### WHAT TO DO
Please reproduce each line of the data below exactly as shown.
BEGIN SOURCE MATERIAL
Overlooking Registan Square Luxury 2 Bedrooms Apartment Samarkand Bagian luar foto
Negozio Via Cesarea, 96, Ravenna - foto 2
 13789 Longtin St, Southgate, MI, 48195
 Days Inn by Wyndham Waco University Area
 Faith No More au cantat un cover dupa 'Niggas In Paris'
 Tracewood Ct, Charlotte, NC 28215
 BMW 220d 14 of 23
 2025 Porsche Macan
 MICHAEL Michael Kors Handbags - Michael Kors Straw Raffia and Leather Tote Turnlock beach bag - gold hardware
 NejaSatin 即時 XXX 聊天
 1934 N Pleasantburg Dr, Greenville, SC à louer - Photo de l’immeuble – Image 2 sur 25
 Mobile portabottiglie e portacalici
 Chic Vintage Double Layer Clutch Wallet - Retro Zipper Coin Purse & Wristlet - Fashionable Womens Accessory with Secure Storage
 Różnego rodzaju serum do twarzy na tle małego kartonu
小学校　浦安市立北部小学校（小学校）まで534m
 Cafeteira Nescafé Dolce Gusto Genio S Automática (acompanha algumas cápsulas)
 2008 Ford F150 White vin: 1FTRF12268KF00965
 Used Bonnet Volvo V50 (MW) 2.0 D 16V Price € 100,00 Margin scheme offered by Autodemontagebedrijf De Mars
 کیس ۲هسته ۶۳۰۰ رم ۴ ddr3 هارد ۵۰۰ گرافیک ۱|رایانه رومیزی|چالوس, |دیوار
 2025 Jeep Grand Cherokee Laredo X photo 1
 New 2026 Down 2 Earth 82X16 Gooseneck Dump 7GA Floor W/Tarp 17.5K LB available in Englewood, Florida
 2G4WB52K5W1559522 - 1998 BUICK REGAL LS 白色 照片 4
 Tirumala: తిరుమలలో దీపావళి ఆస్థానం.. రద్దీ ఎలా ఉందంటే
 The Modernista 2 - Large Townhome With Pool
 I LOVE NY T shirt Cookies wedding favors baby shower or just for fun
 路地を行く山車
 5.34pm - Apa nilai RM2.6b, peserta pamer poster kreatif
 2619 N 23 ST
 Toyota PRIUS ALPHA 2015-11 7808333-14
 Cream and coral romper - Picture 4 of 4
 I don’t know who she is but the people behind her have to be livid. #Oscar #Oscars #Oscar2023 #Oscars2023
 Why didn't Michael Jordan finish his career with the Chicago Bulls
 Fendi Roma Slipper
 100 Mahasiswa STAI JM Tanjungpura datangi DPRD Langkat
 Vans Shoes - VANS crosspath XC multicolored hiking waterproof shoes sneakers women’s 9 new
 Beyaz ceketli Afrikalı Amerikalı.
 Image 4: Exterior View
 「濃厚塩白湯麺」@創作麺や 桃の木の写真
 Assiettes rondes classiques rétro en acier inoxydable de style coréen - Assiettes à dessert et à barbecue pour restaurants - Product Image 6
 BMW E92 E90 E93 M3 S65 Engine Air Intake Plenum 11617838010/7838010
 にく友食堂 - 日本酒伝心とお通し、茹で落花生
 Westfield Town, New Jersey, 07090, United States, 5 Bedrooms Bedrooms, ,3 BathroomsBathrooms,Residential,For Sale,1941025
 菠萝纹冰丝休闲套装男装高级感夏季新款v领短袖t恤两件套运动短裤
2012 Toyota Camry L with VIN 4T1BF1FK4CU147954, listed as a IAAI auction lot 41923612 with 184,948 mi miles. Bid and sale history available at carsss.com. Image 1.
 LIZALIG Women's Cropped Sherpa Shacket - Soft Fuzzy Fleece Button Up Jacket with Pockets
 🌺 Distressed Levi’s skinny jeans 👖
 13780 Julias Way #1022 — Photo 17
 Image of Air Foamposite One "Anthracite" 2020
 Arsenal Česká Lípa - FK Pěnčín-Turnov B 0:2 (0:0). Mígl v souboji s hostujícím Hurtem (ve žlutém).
END SOURCE MATERIAL
### WRITTEN RESPONSE
Overlooking Registan Square Luxury 2 Bedrooms Apartment Samarkand Bagian luar foto
Negozio Via Cesarea, 96, Ravenna - foto 2
 13789 Longtin St, Southgate, MI, 48195
 Days Inn by Wyndham Waco University Area
 Faith No More au cantat un cover dupa 'Niggas In Paris'
 Tracewood Ct, Charlotte, NC 28215
 BMW 220d 14 of 23
 2025 Porsche Macan
 MICHAEL Michael Kors Handbags - Michael Kors Straw Raffia and Leather Tote Turnlock beach bag - gold hardware
 NejaSatin 即時 XXX 聊天
 1934 N Pleasantburg Dr, Greenville, SC à louer - Photo de l’immeuble – Image 2 sur 25
 Mobile portabottiglie e portacalici
 Chic Vintage Double Layer Clutch Wallet - Retro Zipper Coin Purse & Wristlet - Fashionable Womens Accessory with Secure Storage
 Różnego rodzaju serum do twarzy na tle małego kartonu
小学校　浦安市立北部小学校（小学校）まで534m
 Cafeteira Nescafé Dolce Gusto Genio S Automática (acompanha algumas cápsulas)
 2008 Ford F150 White vin: 1FTRF12268KF00965
 Used Bonnet Volvo V50 (MW) 2.0 D 16V Price € 100,00 Margin scheme offered by Autodemontagebedrijf De Mars
 کیس ۲هسته ۶۳۰۰ رم ۴ ddr3 هارد ۵۰۰ گرافیک ۱|رایانه رومیزی|چالوس, |دیوار
 2025 Jeep Grand Cherokee Laredo X photo 1
 New 2026 Down 2 Earth 82X16 Gooseneck Dump 7GA Floor W/Tarp 17.5K LB available in Englewood, Florida
 2G4WB52K5W1559522 - 1998 BUICK REGAL LS 白色 照片 4
 Tirumala: తిరుమలలో దీపావళి ఆస్థానం.. రద్దీ ఎలా ఉందంటే
 The Modernista 2 - Large Townhome With Pool
 I LOVE NY T shirt Cookies wedding favors baby shower or just for fun
 路地を行く山車
 5.34pm - Apa nilai RM2.6b, peserta pamer poster kreatif
 2619 N 23 ST
 Toyota PRIUS ALPHA 2015-11 7808333-14
 Cream and coral romper - Picture 4 of 4
 I don’t know who she is but the people behind her have to be livid. #Oscar #Oscars #Oscar2023 #Oscars2023
 Why didn't Michael Jordan finish his career with the Chicago Bulls
 Fendi Roma Slipper
 100 Mahasiswa STAI JM Tanjungpura datangi DPRD Langkat
 Vans Shoes - VANS crosspath XC multicolored hiking waterproof shoes sneakers women’s 9 new
 Beyaz ceketli Afrikalı Amerikalı.
 Image 4: Exterior View
 「濃厚塩白湯麺」@創作麺や 桃の木の写真
 Assiettes rondes classiques rétro en acier inoxydable de style coréen - Assiettes à dessert et à barbecue pour restaurants - Product Image 6
 BMW E92 E90 E93 M3 S65 Engine Air Intake Plenum 11617838010/7838010
 にく友食堂 - 日本酒伝心とお通し、茹で落花生
 Westfield Town, New Jersey, 07090, United States, 5 Bedrooms Bedrooms, ,3 BathroomsBathrooms,Residential,For Sale,1941025
 菠萝纹冰丝休闲套装男装高级感夏季新款v领短袖t恤两件套运动短裤
2012 Toyota Camry L with VIN 4T1BF1FK4CU147954, listed as a IAAI auction lot 41923612 with 184,948 mi miles. Bid and sale history available at carsss.com. Image 1.
 LIZALIG Women's Cropped Sherpa Shacket - Soft Fuzzy Fleece Button Up Jacket with Pockets
 🌺 Distressed Levi’s skinny jeans 👖
 13780 Julias Way #1022 — Photo 17
 Image of Air Foamposite One "Anthracite" 2020
 Arsenal Česká Lípa - FK Pěnčín-Turnov B 0:2 (0:0). Mígl v souboji s hostujícím Hurtem (ve žlutém).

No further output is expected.